The Buffalo Niagara International Airport called in extra police, but they weren't needed, said C. Douglas Hartmayer, a spokesman for the Niagara Frontier Transportation Authority.

Mikhail Zislis, spokesman for the Russian team, called the episode an overreaction and disagreed with Delta's characterization of the group as unruly, saying most were exhausted and just wanted to sleep. He said that not all team members had even boarded the plane when the group was told to leave.

"I don't understand why our guys were sent off the plane," he said in an interview. "We have different opinions. In some aspects, their point of view is wrong."

Instead of winging their way home in time for Russian Orthodox Christmas on Friday, the contingent spent Thursday resting at the Days Hotel across from the airport. Delta rebooked them on a flight out of Buffalo on Friday morning.

Champagne started flowing in the locker room after the team's 5-3 victory in the world junior championship on Wednesday night, Mr. Zislis said. Later, several Russian coaches and trainers went onto the ice - one holding what appeared to be a bottle of alcohol and others sipping from cups - to pose for pictures in front of the scoreboard, which had been lowered to ice level.

The team then took the party to the Tiffany Rose lounge in the lobby of the Adam's Mark Hotel, where they stayed during the tournament.

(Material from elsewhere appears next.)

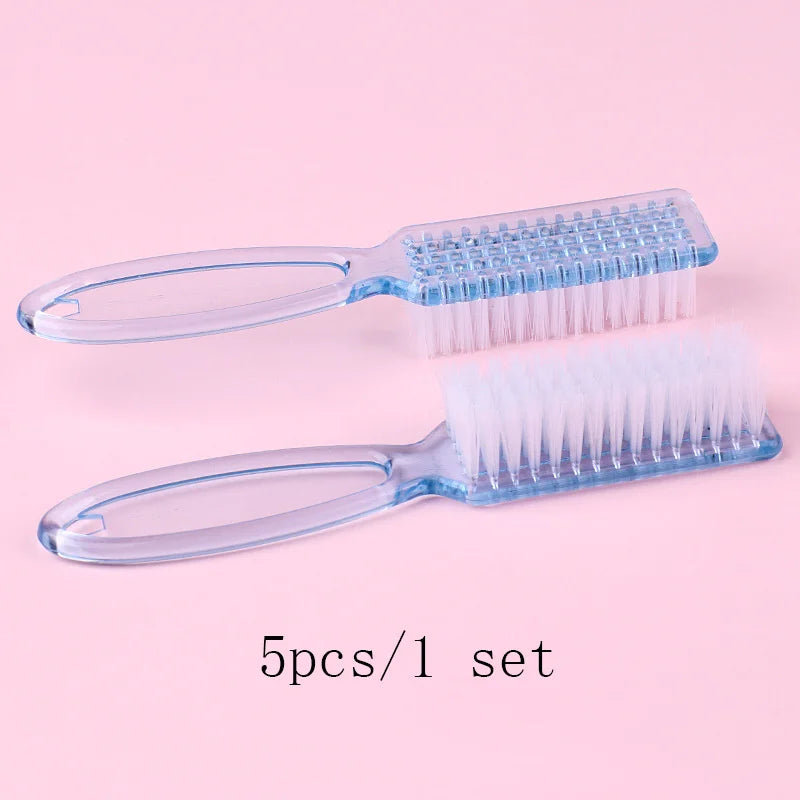 A set of five clear plastic nail art brushes with long handles displayed on a pink background.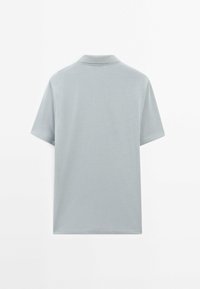 Lys grå polo-shirt, korte ærmer, blødt bomuldsstof, klassisk krave, ensfarvet design, ingen synlige mønstre eller accenter.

The players and other members of the Russian contingent marked their victory well into the night, drinking and chanting "Russia!" and "Beat Canada!" A video of the celebrations shows several players in jerseys with gold medals around their necks, toasting with drinks in hand.

While the legal drinking age in New York State is 21, all players in the tournament are 20 or younger. Mr. Zislis said he did not want to comment on whether players drank at the hotel bar, adding that the legal age in Russia is 18.

The general manager of the Adam's Mark Hotel did not respond to interview requests.